== TASK INSTRUCTIONS ==
Please restate word for word the lines of the entries below from the one with "George Clooney ha" to the one with "Used Bestune B50", inclusive, and leave out every picture.

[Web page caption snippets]
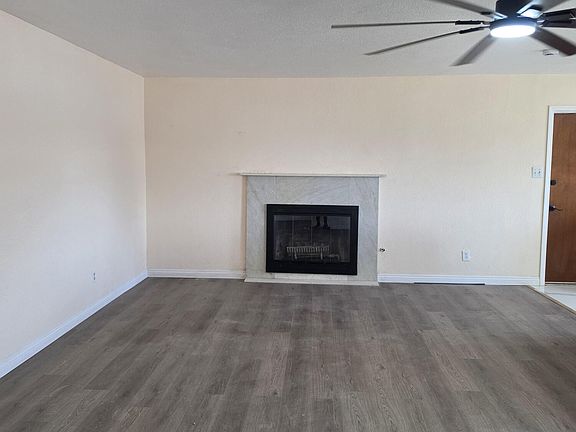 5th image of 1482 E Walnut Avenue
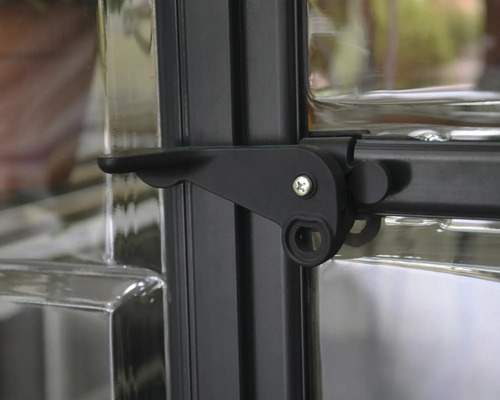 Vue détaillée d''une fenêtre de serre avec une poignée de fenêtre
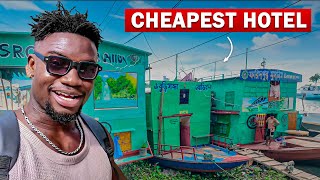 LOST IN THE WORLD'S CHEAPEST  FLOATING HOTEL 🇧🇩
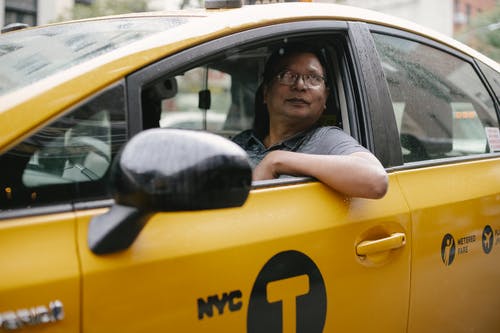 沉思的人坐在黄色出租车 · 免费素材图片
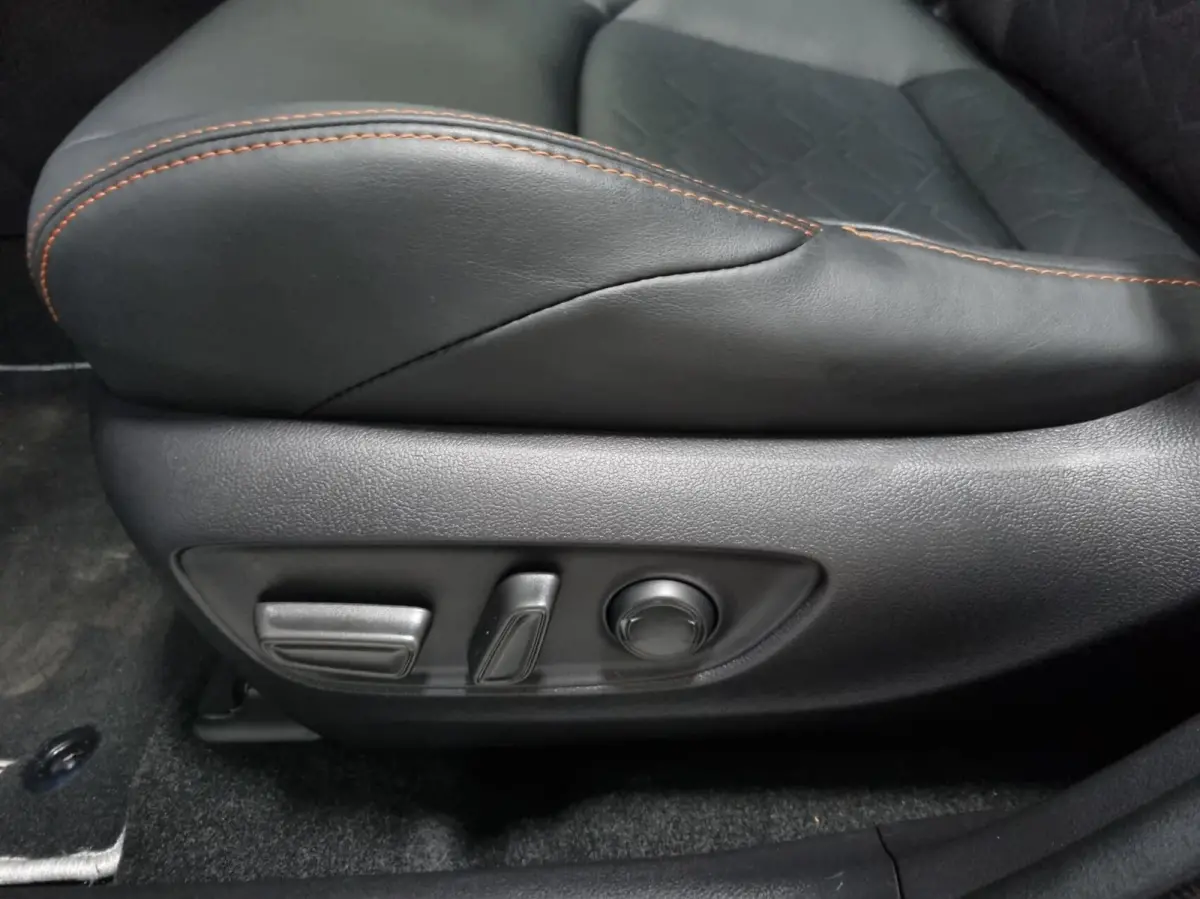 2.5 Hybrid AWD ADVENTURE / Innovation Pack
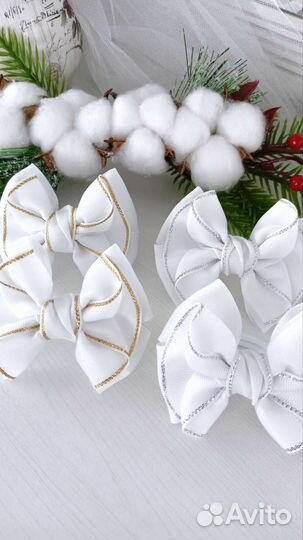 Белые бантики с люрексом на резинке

==

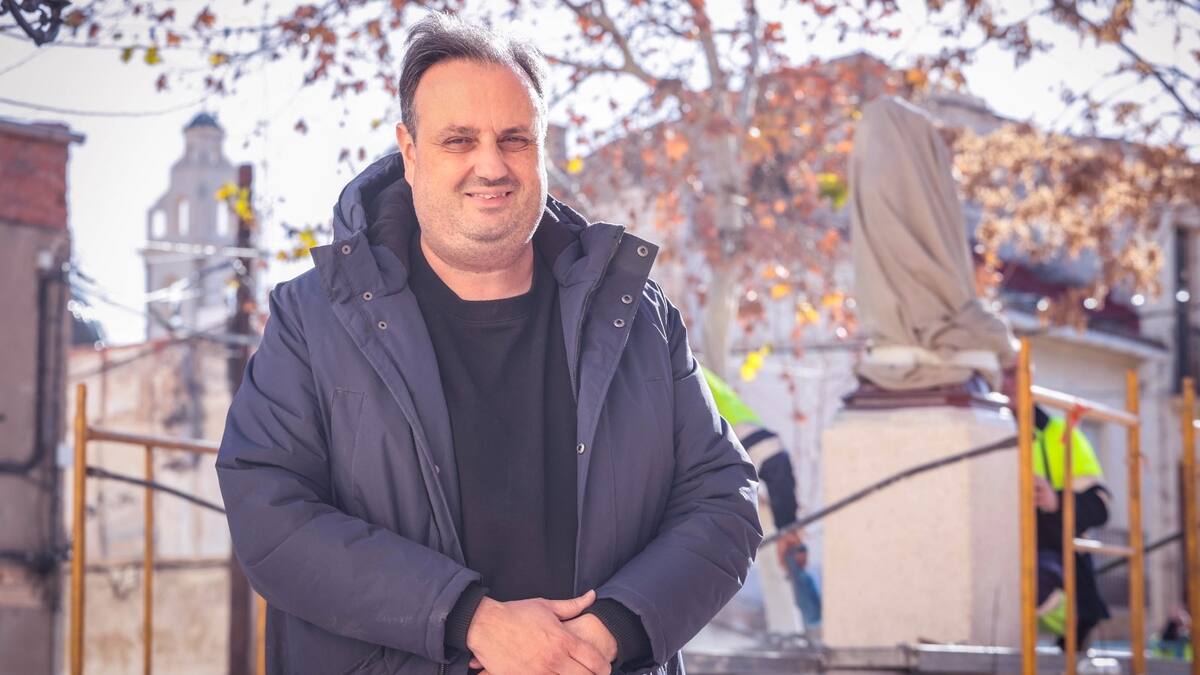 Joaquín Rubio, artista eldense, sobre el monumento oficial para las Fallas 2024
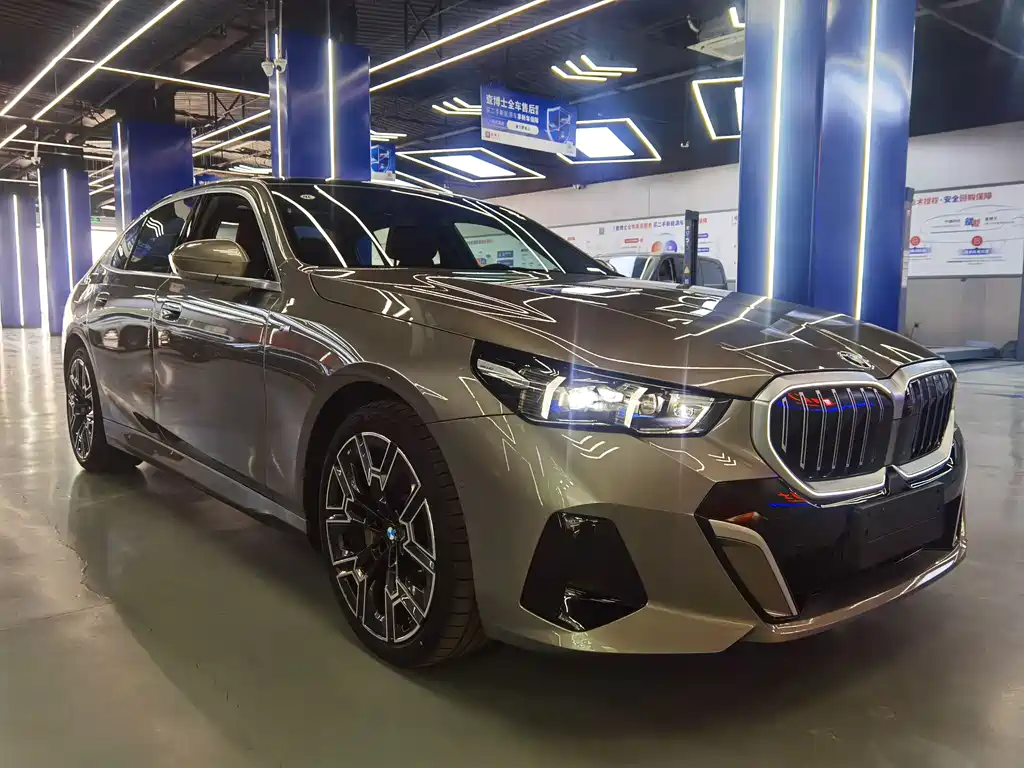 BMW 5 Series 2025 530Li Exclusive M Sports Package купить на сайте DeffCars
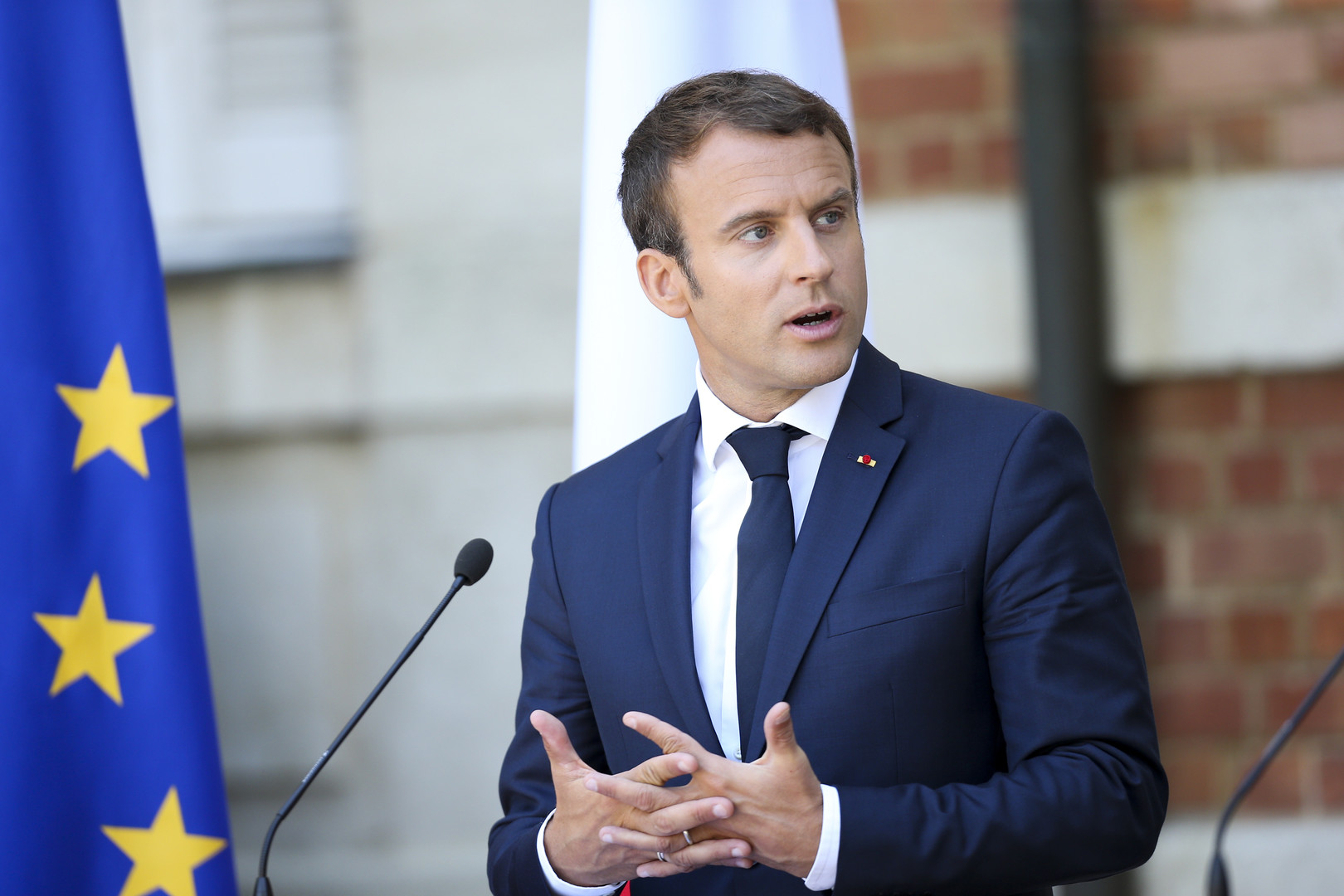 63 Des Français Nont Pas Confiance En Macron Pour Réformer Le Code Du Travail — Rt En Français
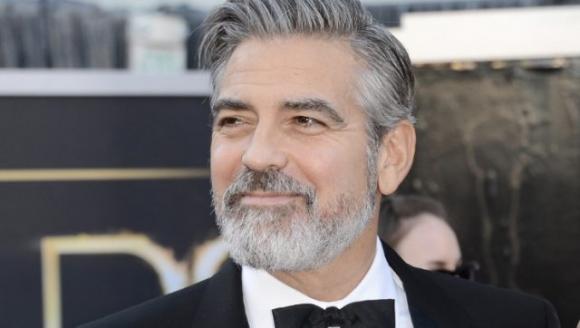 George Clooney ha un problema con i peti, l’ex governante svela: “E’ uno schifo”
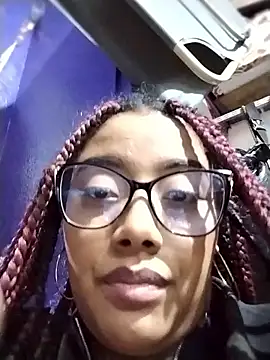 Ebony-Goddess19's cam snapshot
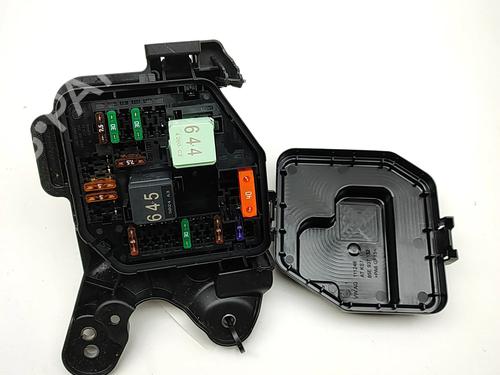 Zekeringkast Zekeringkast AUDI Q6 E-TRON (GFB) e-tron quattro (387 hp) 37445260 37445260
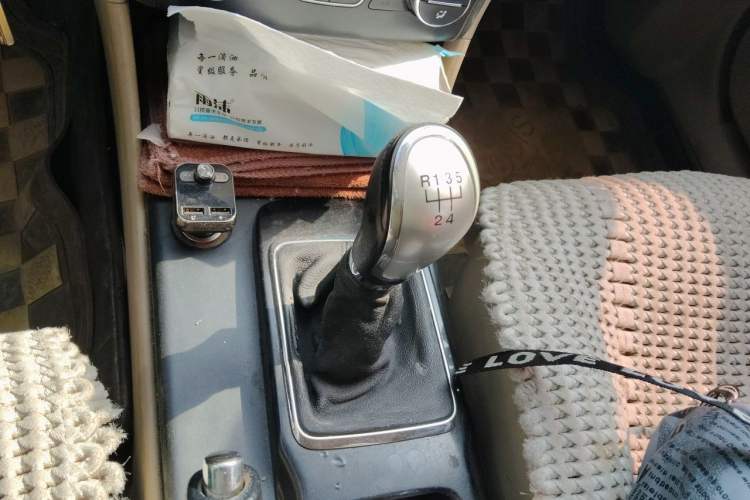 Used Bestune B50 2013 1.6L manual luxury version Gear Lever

== EXPECTED OUTPUT ==
 George Clooney ha un problema con i peti, l’ex governante svela: “E’ uno schifo”
 Ebony-Goddess19's cam snapshot
 Zekeringkast Zekeringkast AUDI Q6 E-TRON (GFB) e-tron quattro (387 hp) 37445260 37445260
 Used Bestune B50 2013 1.6L manual luxury version Gear Lever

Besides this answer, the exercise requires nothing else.